For this exercise, return only the lines in the records below from the one holding "VEVOR Banco Pieghevole" through the one holding "Mexen G00 комплект", including both, exactly as they appear and without pictures.

**DATASET EXTRACT**:
○ ○ ○

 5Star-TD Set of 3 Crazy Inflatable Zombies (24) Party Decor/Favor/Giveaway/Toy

○ ○ ○

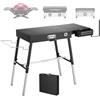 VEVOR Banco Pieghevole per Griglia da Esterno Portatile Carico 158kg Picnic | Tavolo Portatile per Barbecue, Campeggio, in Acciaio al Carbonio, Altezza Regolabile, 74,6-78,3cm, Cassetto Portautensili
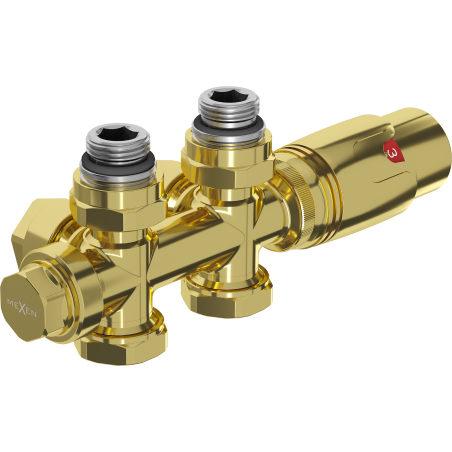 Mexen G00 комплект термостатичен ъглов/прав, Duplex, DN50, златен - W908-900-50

○ ○ ○

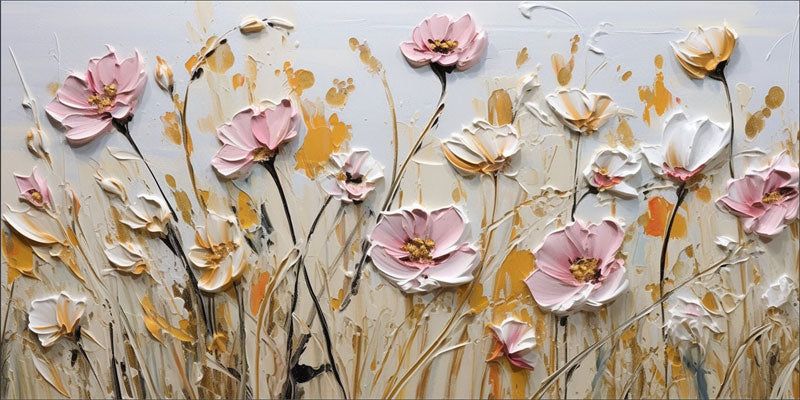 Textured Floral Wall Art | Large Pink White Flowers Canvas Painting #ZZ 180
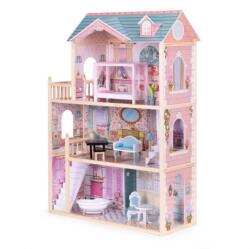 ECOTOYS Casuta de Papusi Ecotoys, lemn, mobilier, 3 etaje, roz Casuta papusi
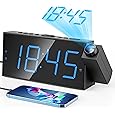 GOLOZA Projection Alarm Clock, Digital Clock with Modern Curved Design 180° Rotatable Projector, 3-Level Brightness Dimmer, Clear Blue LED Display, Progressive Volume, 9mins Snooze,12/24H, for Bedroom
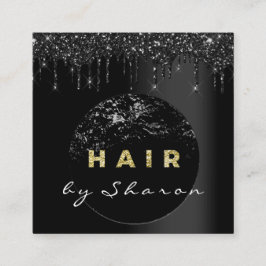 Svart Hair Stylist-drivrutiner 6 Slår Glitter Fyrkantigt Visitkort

○ ○ ○

**WRITTEN ANSWER**:
 VEVOR Banco Pieghevole per Griglia da Esterno Portatile Carico 158kg Picnic | Tavolo Portatile per Barbecue, Campeggio, in Acciaio al Carbonio, Altezza Regolabile, 74,6-78,3cm, Cassetto Portautensili
 Mexen G00 комплект термостатичен ъглов/прав, Duplex, DN50, златен - W908-900-50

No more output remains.